Search Middleware
Much like Rack and other HTTP libraries, Thinking Sphinx’s searches are constructed and processed by a set of middleware. They take the provided search parameters, generate a query that Sphinx understands, makes the search request, and then translate the resulting values back into ActiveRecord instances.
Each middleware must be a class that is initialized with an app object, has an instance method call
which accepts an array of search contexts, and that method should then invoke app.call(contexts)
to continue the chain.
class CustomMiddleware
def initialize(app)
@app = app
end
def call(contexts)
# Do custom things here.
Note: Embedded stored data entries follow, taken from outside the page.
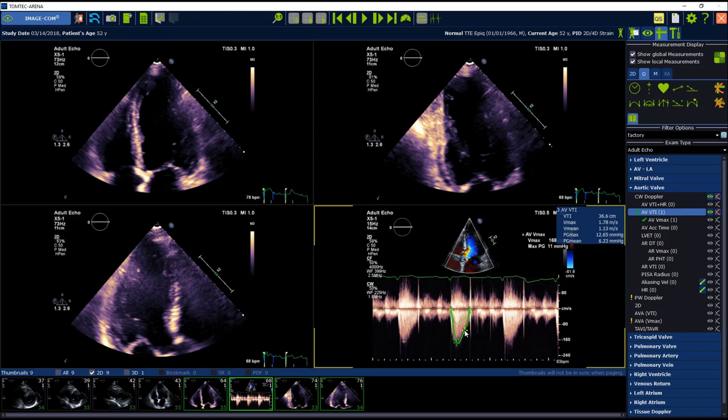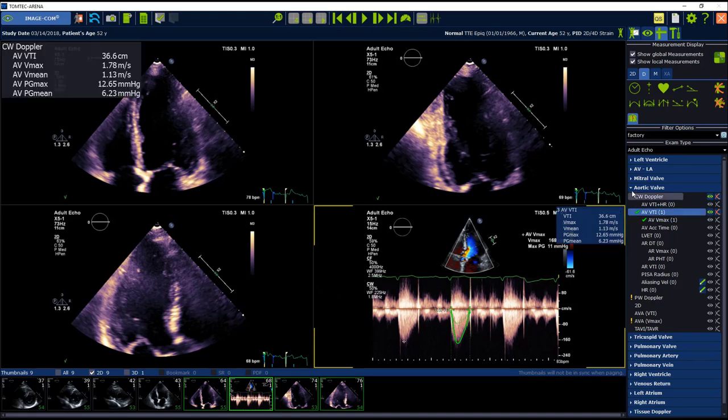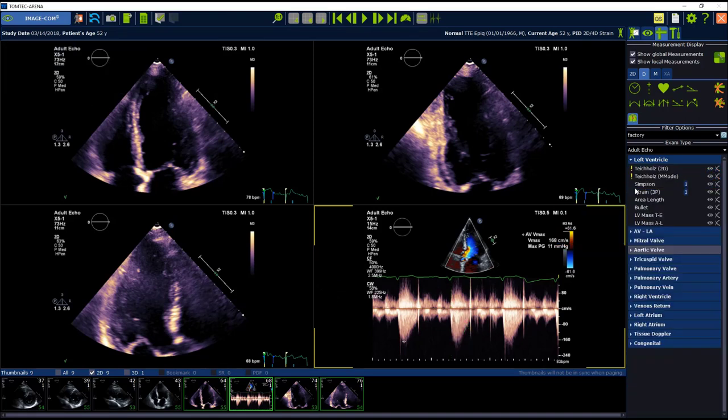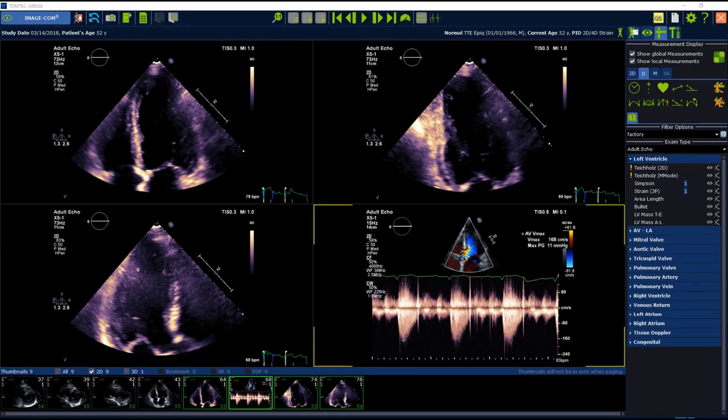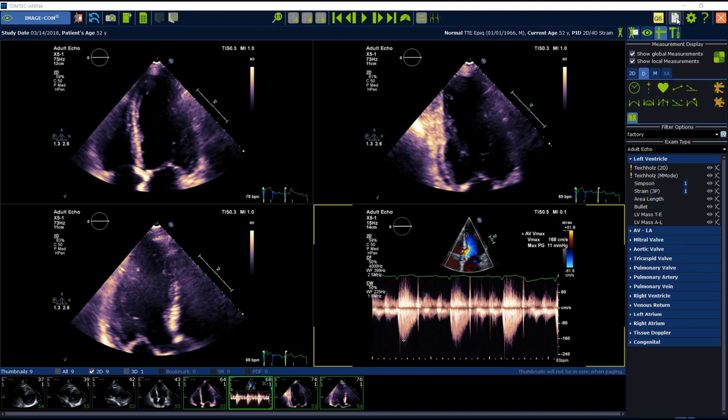After doing my measurements, I can change the study status to analyzed. I can do this here in image com on the top, as well as in the study list. After performing the measurements, please go on the reporting module. If you do not have a dual monitoring, you can find the icon for the report on the right upper hand corner.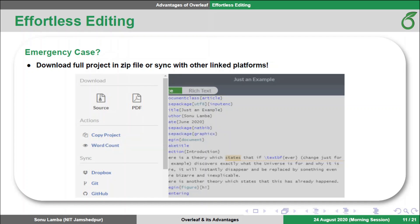In an emergency case of network issues where you need to work offline, no problem. You can stay in sync with GitHub or Dropbox using one of its upgraded plans. You can always download your full project in a zip folder with just one click. Having these editing features, I think Overleaf is the best tool for editing scientific documents.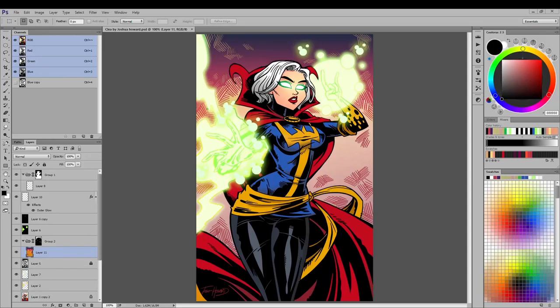Alright, here we go — another PSD tour. This one is a CLIA piece from Josh Howard. It's been a very long time since I've done one of these. I felt unmotivated to do another PSD tour, but I'm gonna do it again — just for me, recording some of my process, and also maybe as a little helping tool for people who want to color images.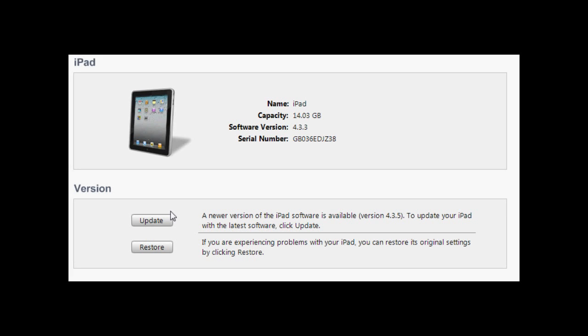Hey what's up YouTube, it's iSpeakWindows and today I'm going to show you how to update your iPhone 4, iPhone 3GS, iPod Touch 4th generation, iPod Touch 3rd generation, and your iPad 1 or 2 to iOS 5.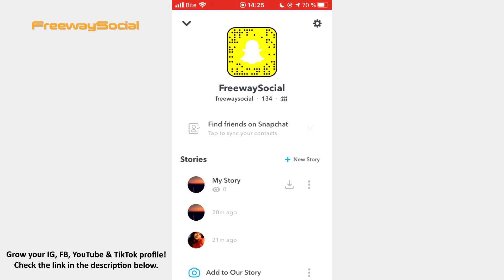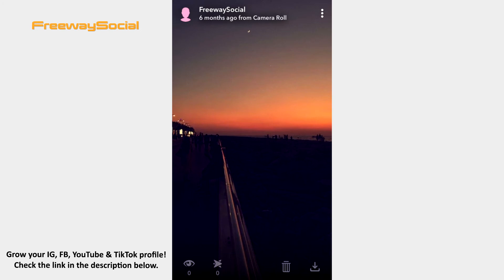If you click on the single story, you will be able to see how many people have viewed and how many people have taken a screenshot of your Snapchat Story. Also, you have an opportunity to delete it or save it into your camera roll. That's it!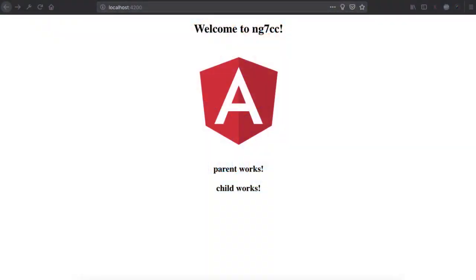Hi guys, welcome to another interesting video tutorial on Angular 7 by TekTakTootz. In this particular video tutorial we are going to talk about how we can make interaction between different components, especially how to transfer data from parent component to child component and from child component to parent component.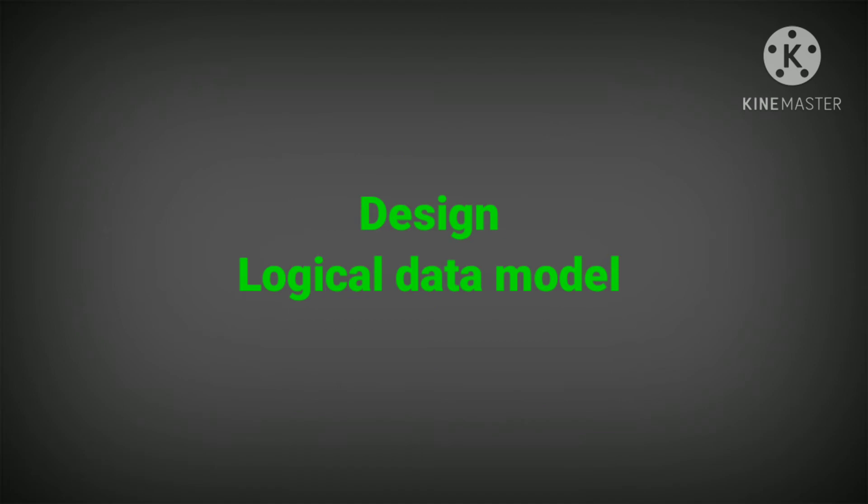ETL developers lead the design of logical data models and implement physical database structures. They construct and implement operational data stores and data marts.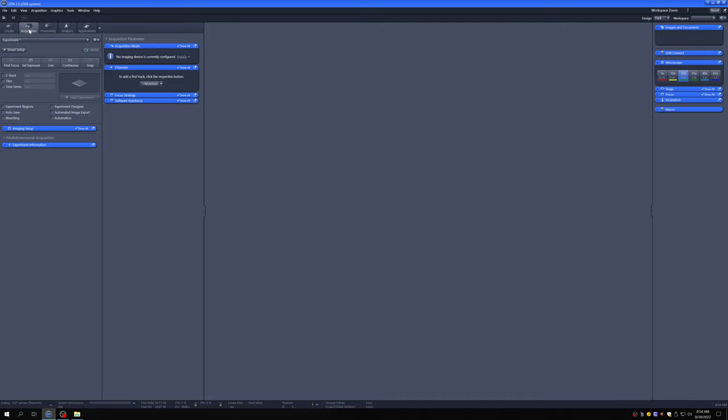Then the microscope scans the laser in a raster pattern throughout the sample. As it is scanning, this process repeats over and over. The detector, at each point, feeds the computer an intensity value proportional to how many photons reach that point. The computer then puts this all together on the fly on the screen and forms an image point by point from left to right and top to bottom.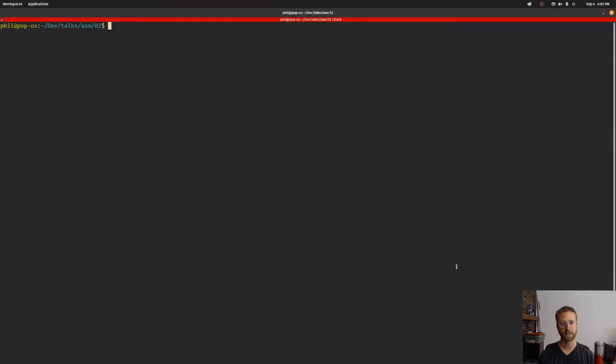Okay, welcome back. Today we're going to do a little bit more assembly programming and we're going to look at creating functions, and if we're fast enough maybe we'll do a little bit more.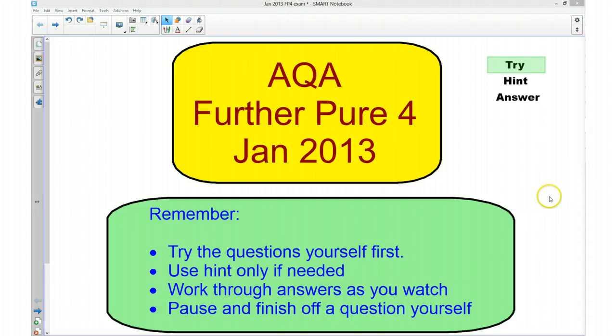Hi, this series of videos is going to go through the AQA for the FP4 of January 2013 exam paper.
Perhaps set default search options,
# or modifications based on the broader application
# environment, or whatever
# …
# … and then, keep the request going:
app.call contexts
end
private
attr_reader :app
end
To add custom middleware into the mix, you can either do this in an initializer so it affects all searches:
# For searches that return ActiveRecord objects
ThinkingSphinx::Middlewares::DEFAULT.insert(0, CustomMiddleware)
# For searches that return raw Sphinx results
ThinkingSphinx::Middlewares::RAW_ONLY.insert(0, CustomMiddleware)
# For searches that return ActiveRecord primary keys
ThinkingSphinx::Middlewares::IDS_ONLY.insert(0, CustomMiddleware)
Or, you can specify a custom middleware stack on a per-search basis:
# A modification of the DEFAULT set:
middlewares = ::Middleware::Builder.new do
use CustomMiddleware
use ThinkingSphinx::Middlewares::StaleIdFilter
ThinkingSphinx::Middlewares.use self,
ThinkingSphinx::Middlewares::BASE_MIDDLEWARES
use ThinkingSphinx::Middlewares::ActiveRecordTranslator
use ThinkingSphinx::Middlewares::StaleIdChecker
use ThinkingSphinx::Middlewares::Glazier
end
Article.search "foo", :middleware => middlewares
The best place to understand the existing set of middleware is by reading the source code.